En los registros sonoros de sus grabaciones, año 1990, en la canción ‘Llegó el verano’ de la autoría de Gustavo Gutiérrez, en una de sus animaciones lo nombró como ‘El gran Martín Elías’. También en versos de la canción ‘Mi primera cana’ que hizo parte del trabajo musical ‘Titulo de amor’ (1993) lo oficializó, y así se quedó para siempre. “Por ejemplo, me diste una mujer que ha sido como la madre mía, de Luis Ángel, de Santo Rafael de Diomedes y El gran Martín Elías”.

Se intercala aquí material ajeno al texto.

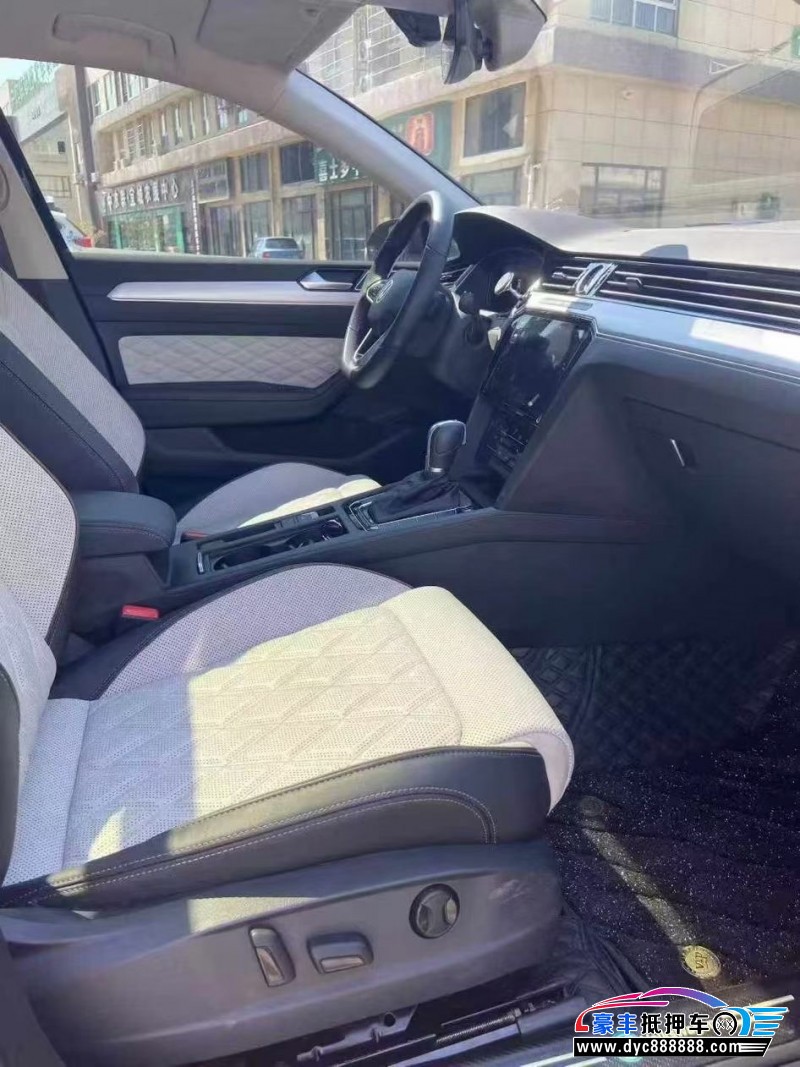 24年大众迈腾轿车抵押车出售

La primera vez que Martín Elías subió a una tarima fue a los seis años porque su papá lo llevó a cantar a una presentación realizada en Valledupar, pero su aparición en la pasta sonora sucedió a los 11 años por iniciativa de su tío Elver Díaz, quien era el director del grupo ‘La familia de Diomedes’.

En esa ocasión grabó la canción ‘Amor inocente’ del compositor Gaby Arregocés. Siguió grabando con la agrupación familiar hasta que se unió con el acordeonero Rolando Ochoa y después con Juancho de la Espriella, regresando nuevamente con el hijo de Calixto Ochoa. En total grabó nueve producciones musicales.

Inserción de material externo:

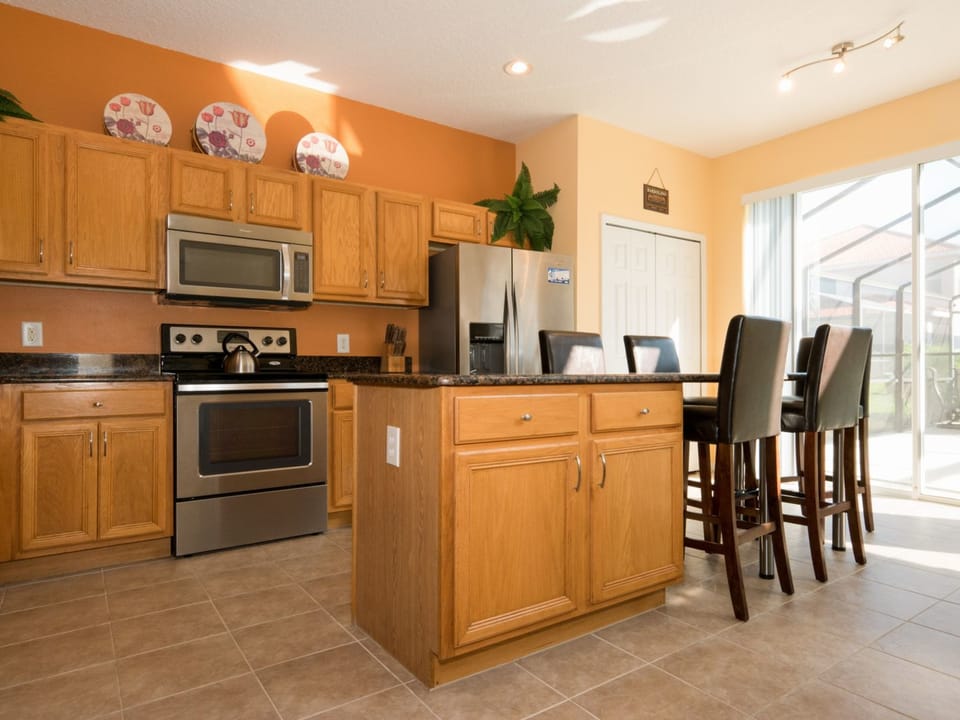 SOL142CA Spectacular 6 Bed, Solana Commuity villa House in Polk County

Diomedes tenía a su hijo ‘El gran Martín Elías’ en un lugar destacado. Lo adoraba tanto que siempre lo tuvo en cuenta en sus grabaciones, incluso en su última producción musical ‘La vida del artista’ grabaron la canción ‘Ni amigos, ni novios’. Es así como quedaron para la historia cantos, versos, lugares y hechos donde la inspiración tuvo su nido con el apellido Díaz.

Vida rápida

En su corta carrera musical el amor visitó a Martín Elías bien temprano y se casó con Claudia Isabel Varón Sánchez, conocida como ‘Caya’, el seis de julio de 2007. De esa unión nació Martín Elías Díaz Varón, el 14 de noviembre de ese mismo año. Después se separó y se casó el 24 de octubre de 2014 con Dayana Jaimes García, de cuya unión nació el 21 de mayo de 2015, su hija Paula Elena, ‘La Purri’, como solía llamarla su progenitor.

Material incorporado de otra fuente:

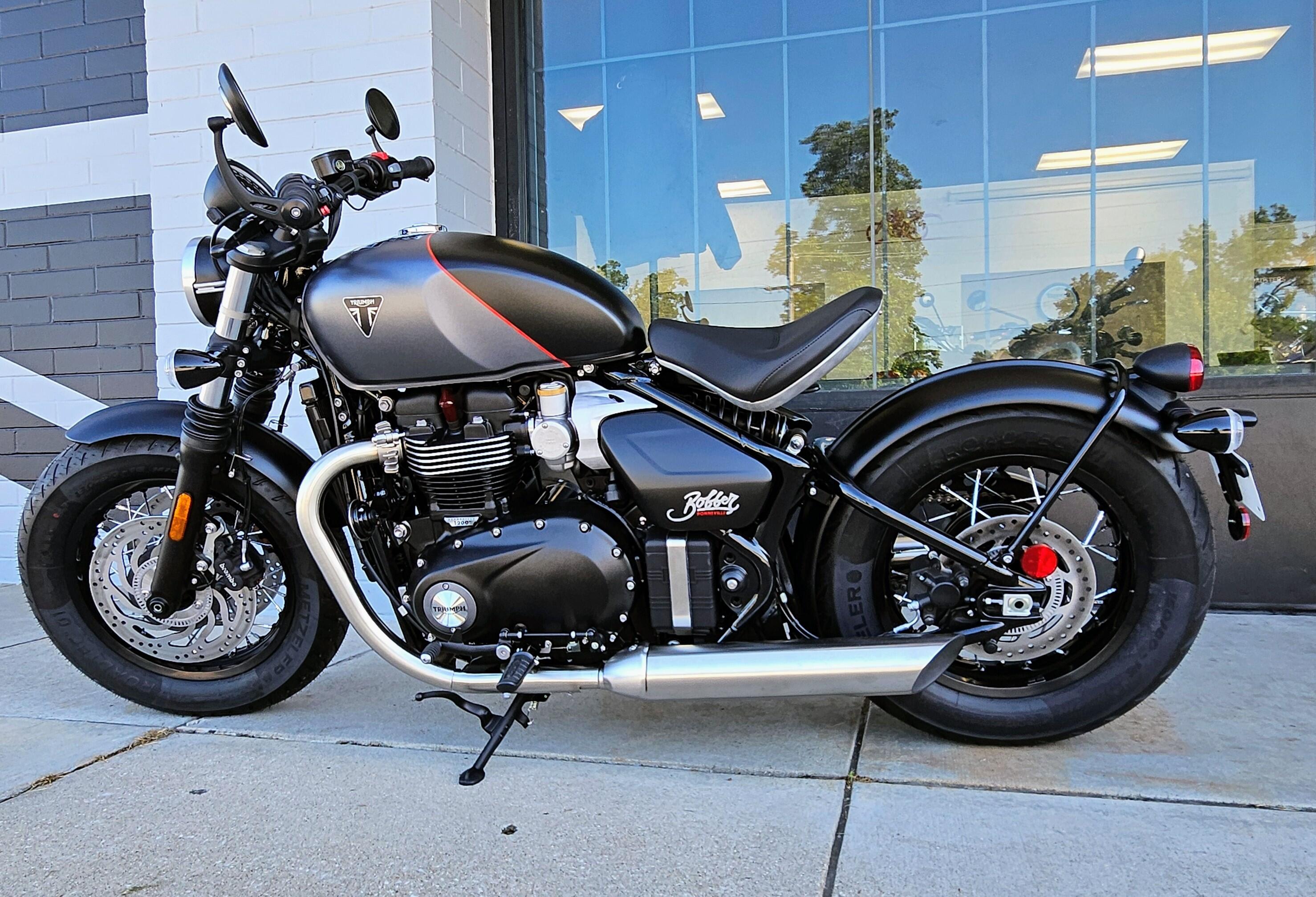 2027 Triumph BONNEVILLE BOBBER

Todo lo de Martín Elías Díaz fue rápido y de esa manera también corrió a despedirse de la vida, el viernes 14 de abril de 2017, sin una segunda oportunidad porque la gloria se le había adelantado a la velocidad de un rayo, quedando para el recuerdo momentos felices y tristes como cuando el hijo despidió al padre el 22 de diciembre de 2013 y pocos días después manifestó: “Mi papá me dijo en un sueño que no lo llorara”.

En esa cadena de episodios gracias al lente de Hernando Vergara, aparece la fotografía de Diomedes Díaz con ‘El gran Martín Elías’ sentado en sus piernas, ese joven que se paseó por el universo vallenato dejando un mensaje de alegría donde los retazos del sentimiento cantado los bordaba con amor. “Martín Elías fuiste grande, nadie te va a remplazar, y ahora cantas con tu padre en el coro celestial”.

Llevando la bandera

Pasados los años Martín Elías Jr. está consolidando su carrera musical vallenata honrando el legado de su padre, con presentaciones y grabaciones propias. Muy bien lo ha venido señalando. “La historia continúa por medio de mi cantar, y voy a seguir los pasos que dejó mi papá”. Hace pocos días también dejó sentada una significativa frase. “Te amaré, así pasen mil años”.

Entre los recuerdos de su papá, manifestó que lo llamaba “El negrito” y de sus canciones grabadas se queda con ‘El látigo’, ‘El boom del momento’, ‘Ábrete’ y ‘10 razones para amarte’. Seguidamente añadió, “A mi papá lo sigo recordando por su bella manera de tratarme y por el último regalo que me hizo que fue una manilla”.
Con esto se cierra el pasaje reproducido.